An exact copy of the records below is required, and it must contain no pictures.
(Beginning of Entries shown)
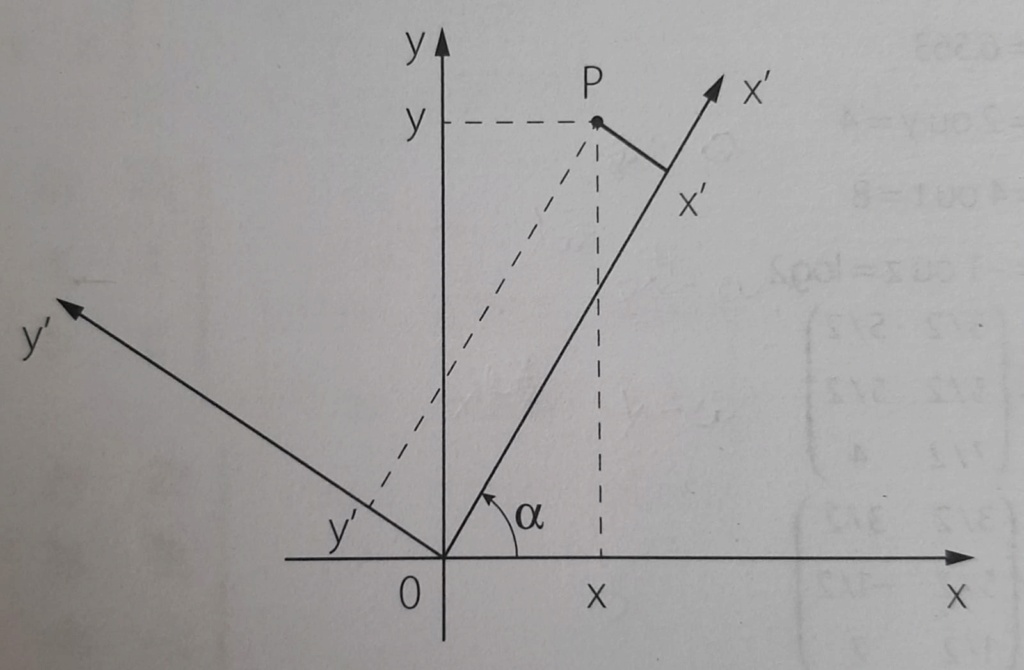 Matrizes e Determinantes Whatsa12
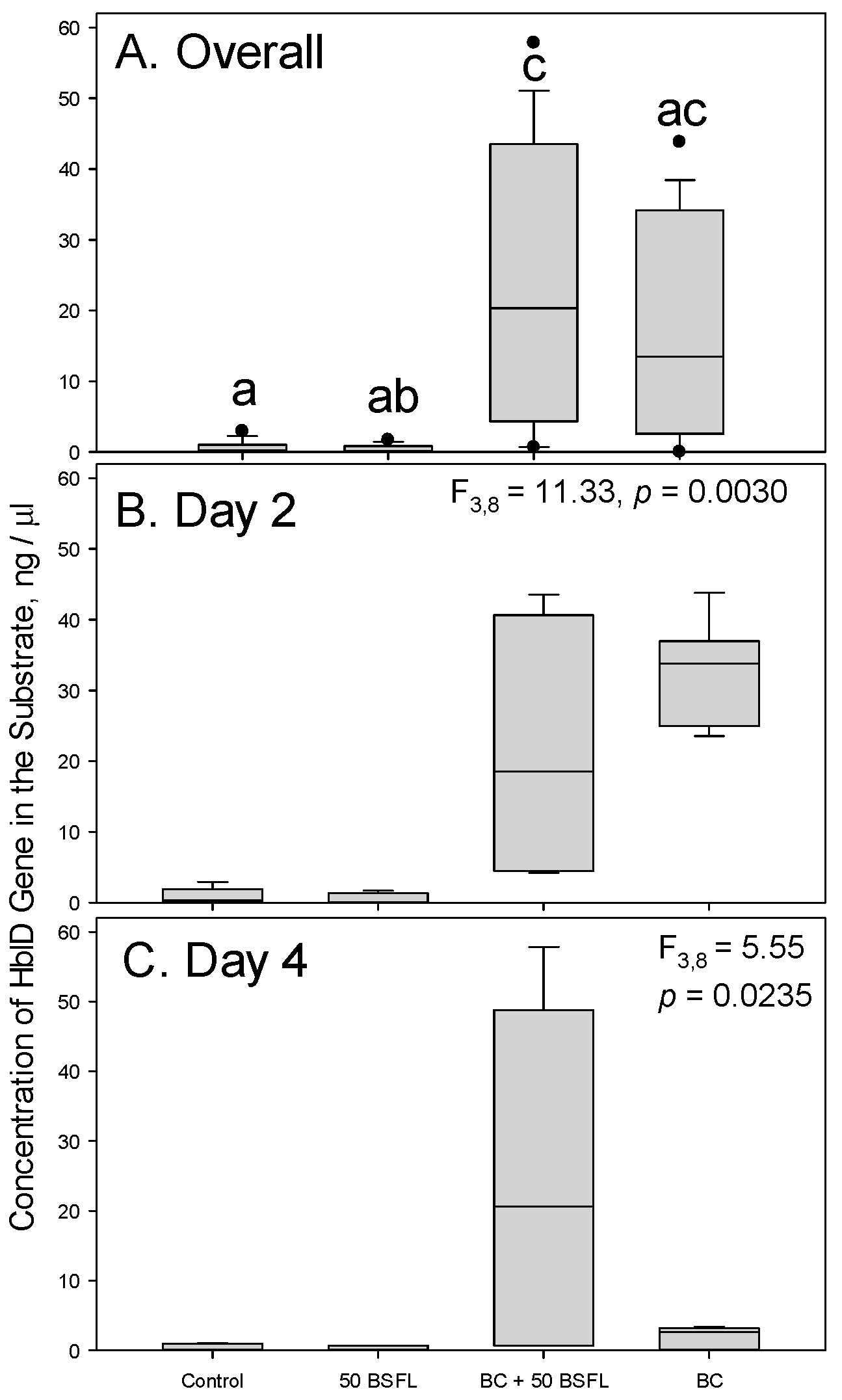 Microorganisms 11 01284 g004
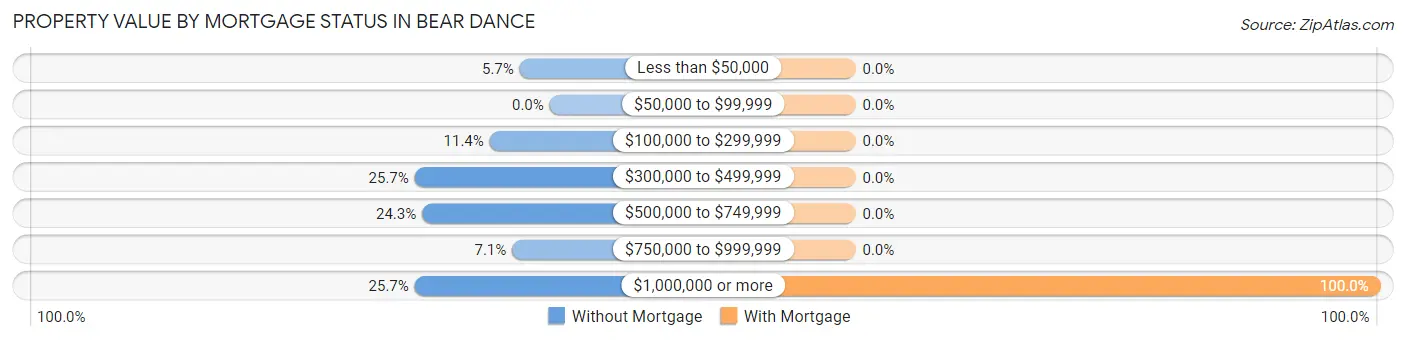 Property Value by Mortgage Status in Bear Dance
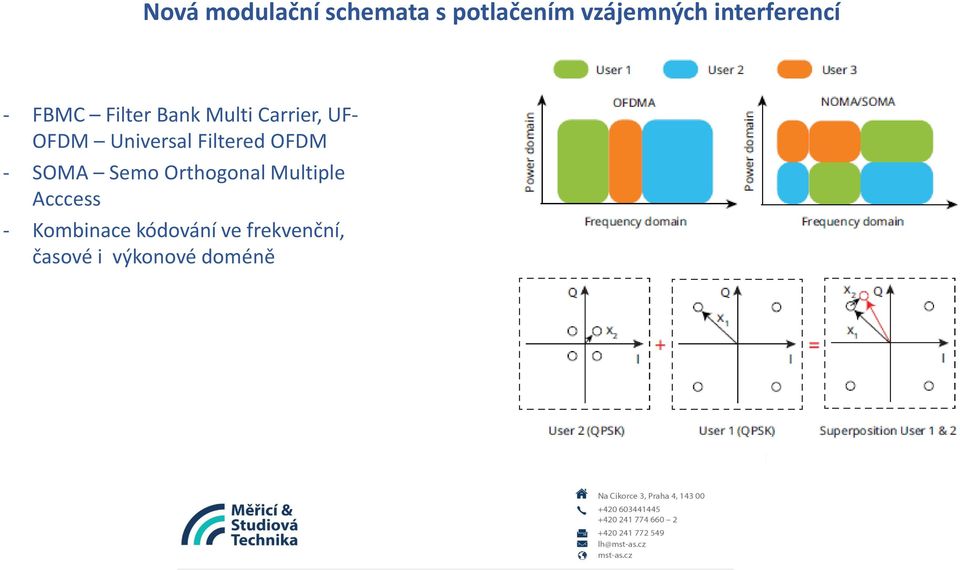 Universal Filtered OFDM - SOMA Semo Orthogonal Multiple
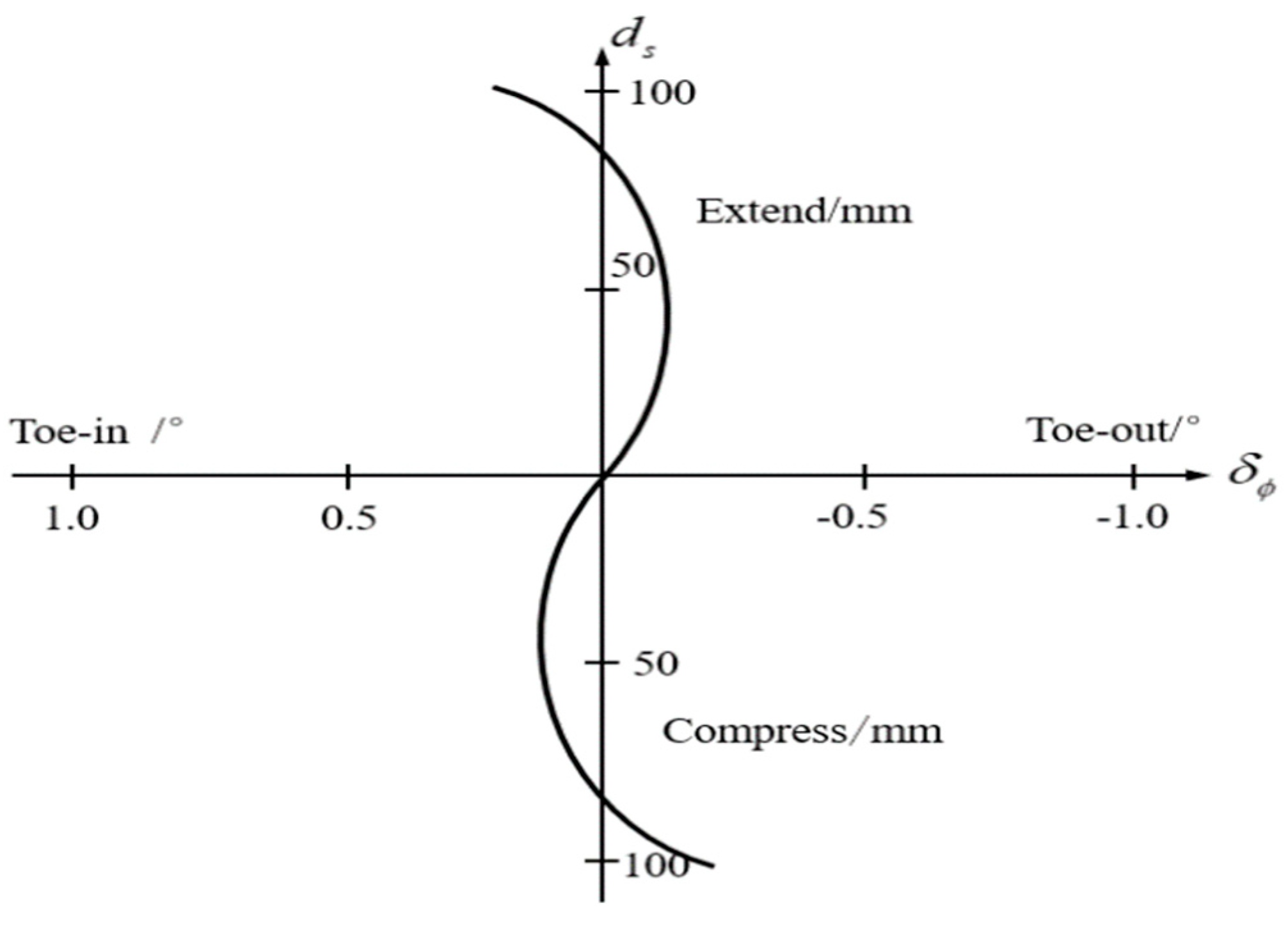 Machines 12 00084 g004
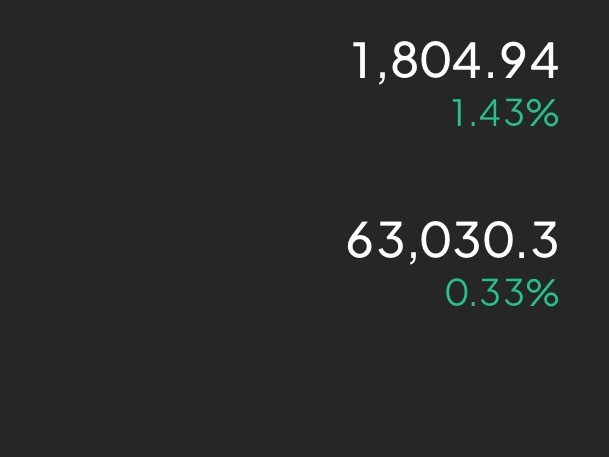 现价63000/1800上方，空起来！今晚看到61500/1730，止损6380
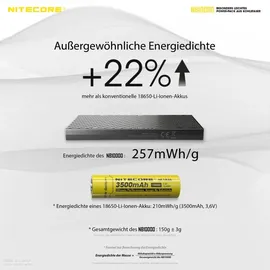 Nitecore NB10000 Externer Akku 10.000 mAh, Schwarz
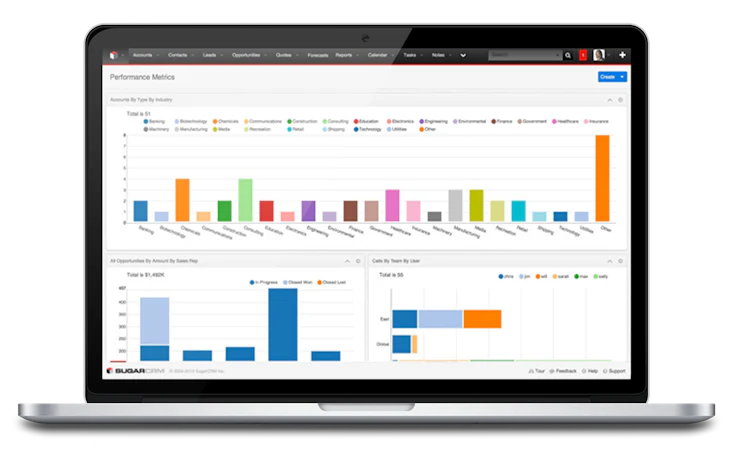 Vertriebsmanagement mit SugarCRM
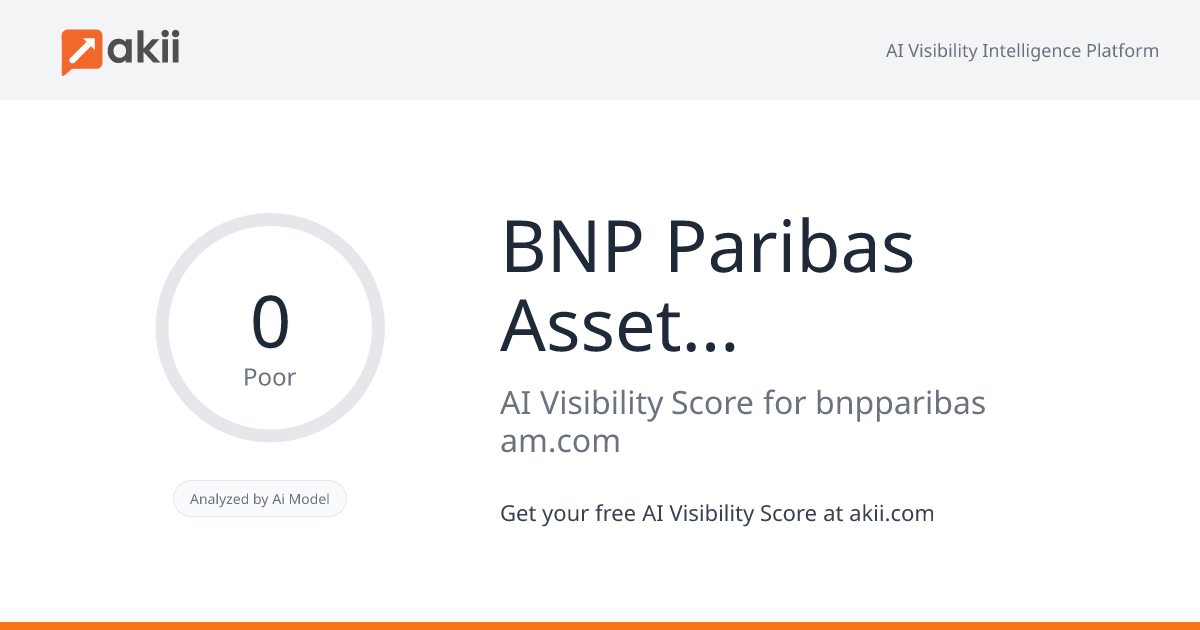 BNP Paribas Asset Management AI Visibility Score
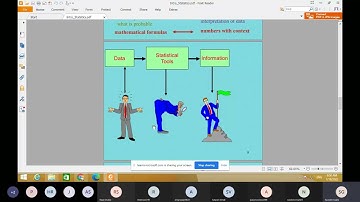 STATISTICS Lecture-2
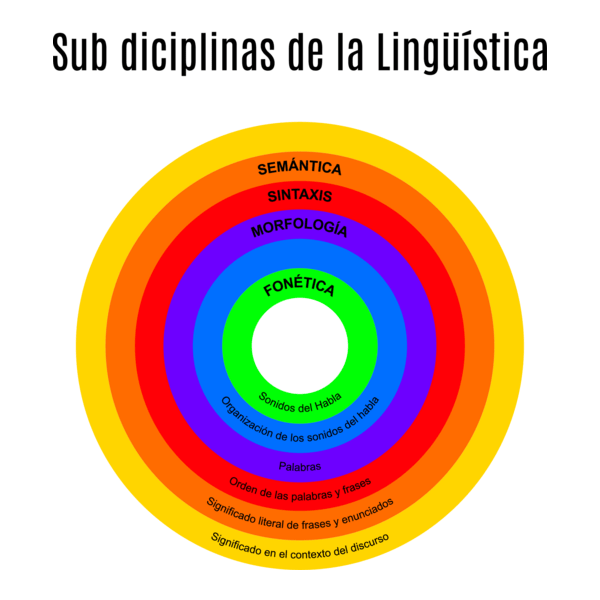 Sub disciplinas de la Lingüística Logo PNG Vector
(End of Entries shown)
* Answer box *
 Matrizes e Determinantes Whatsa12
 Microorganisms 11 01284 g004
 Property Value by Mortgage Status in Bear Dance
 Universal Filtered OFDM - SOMA Semo Orthogonal Multiple
 Machines 12 00084 g004
 现价63000/1800上方，空起来！今晚看到61500/1730，止损6380
 Nitecore NB10000 Externer Akku 10.000 mAh, Schwarz
 Vertriebsmanagement mit SugarCRM
 BNP Paribas Asset Management AI Visibility Score
 STATISTICS Lecture-2
 Sub disciplinas de la Lingüística Logo PNG Vector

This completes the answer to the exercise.